Project Hail Mary (Phil Lord, Christopher Miller, 2026)

Ryan Gosling in Project Hail Mary

Cast: Ryan Gosling, Sandra Hüller, James Ortiz (voice), Lionel Boyce, Milana Vayntrub, Ken Leung, Priya Kansara (voice). Screenplay: Drew Goddard, based on a novel by Andy Weir. Cinematography: Greig Fraser. Production design: Charles Wood. Film editing: Joel Negron. Music: Daniel Pemberton. 
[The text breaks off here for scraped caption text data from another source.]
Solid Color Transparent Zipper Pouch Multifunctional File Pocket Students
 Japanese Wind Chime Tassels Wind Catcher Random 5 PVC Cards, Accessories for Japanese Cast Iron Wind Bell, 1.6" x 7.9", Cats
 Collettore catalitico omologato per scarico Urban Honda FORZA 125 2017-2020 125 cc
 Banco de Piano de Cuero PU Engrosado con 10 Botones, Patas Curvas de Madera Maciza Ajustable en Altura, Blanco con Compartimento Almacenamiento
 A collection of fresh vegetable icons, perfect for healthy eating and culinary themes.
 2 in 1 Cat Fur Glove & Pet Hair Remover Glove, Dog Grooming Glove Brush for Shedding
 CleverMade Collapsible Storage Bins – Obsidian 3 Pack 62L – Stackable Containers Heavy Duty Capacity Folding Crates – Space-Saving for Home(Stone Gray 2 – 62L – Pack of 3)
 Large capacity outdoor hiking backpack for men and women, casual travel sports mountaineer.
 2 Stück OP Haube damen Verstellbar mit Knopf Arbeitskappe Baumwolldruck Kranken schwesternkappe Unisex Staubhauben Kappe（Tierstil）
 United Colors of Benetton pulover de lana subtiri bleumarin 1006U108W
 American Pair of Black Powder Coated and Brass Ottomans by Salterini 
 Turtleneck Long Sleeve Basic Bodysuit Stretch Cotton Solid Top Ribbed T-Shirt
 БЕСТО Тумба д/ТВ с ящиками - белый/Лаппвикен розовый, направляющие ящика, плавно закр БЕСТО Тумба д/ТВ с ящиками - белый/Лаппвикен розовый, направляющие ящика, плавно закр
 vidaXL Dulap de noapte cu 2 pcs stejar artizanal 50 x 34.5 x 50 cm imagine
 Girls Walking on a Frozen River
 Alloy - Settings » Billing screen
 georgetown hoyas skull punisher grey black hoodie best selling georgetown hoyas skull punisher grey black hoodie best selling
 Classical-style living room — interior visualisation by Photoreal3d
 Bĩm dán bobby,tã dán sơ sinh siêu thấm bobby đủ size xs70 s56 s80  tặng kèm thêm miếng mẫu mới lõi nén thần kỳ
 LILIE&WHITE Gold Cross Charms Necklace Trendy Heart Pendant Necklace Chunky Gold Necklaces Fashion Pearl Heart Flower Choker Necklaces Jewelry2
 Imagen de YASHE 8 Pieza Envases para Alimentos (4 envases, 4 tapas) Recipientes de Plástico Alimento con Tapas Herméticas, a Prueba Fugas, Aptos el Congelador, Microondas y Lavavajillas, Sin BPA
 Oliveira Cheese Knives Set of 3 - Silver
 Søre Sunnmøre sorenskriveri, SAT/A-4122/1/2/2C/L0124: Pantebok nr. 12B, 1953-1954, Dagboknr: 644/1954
Like most sci-fi movies, Project Hail Mary is more fiction than science, but it does put the science at its center. It has that in common with the other movie scripted by Drew Goddard from a novel by Andy Weir, The Martian (Ridley Scott, 2015).  Phil Lord and Christopher Miller's film is somewhat more fantastical than Scott's, involving as it does the extinction of the human race by a plague of extraterrestrial entities known as astrophages -- star-eaters. This time the hero is not a plucky astronaut trying to survive on Mars by sciencing the shit out of it, but a misfit scientist who gets shanghaied into a one-way trip to Tau Ceti. There he has a close encounter with a benign ET. Yes, Project Hail Mary is derivative, but at this stage what sci-fi movie isn't? It's all done with a great deal of wit and charm, largely on Ryan Gosling's part but also the puppetry and voice work of James Ortiz as the amiable Rocky. At an hour and half, it's a shade too long, but it deserved to be the hit it was.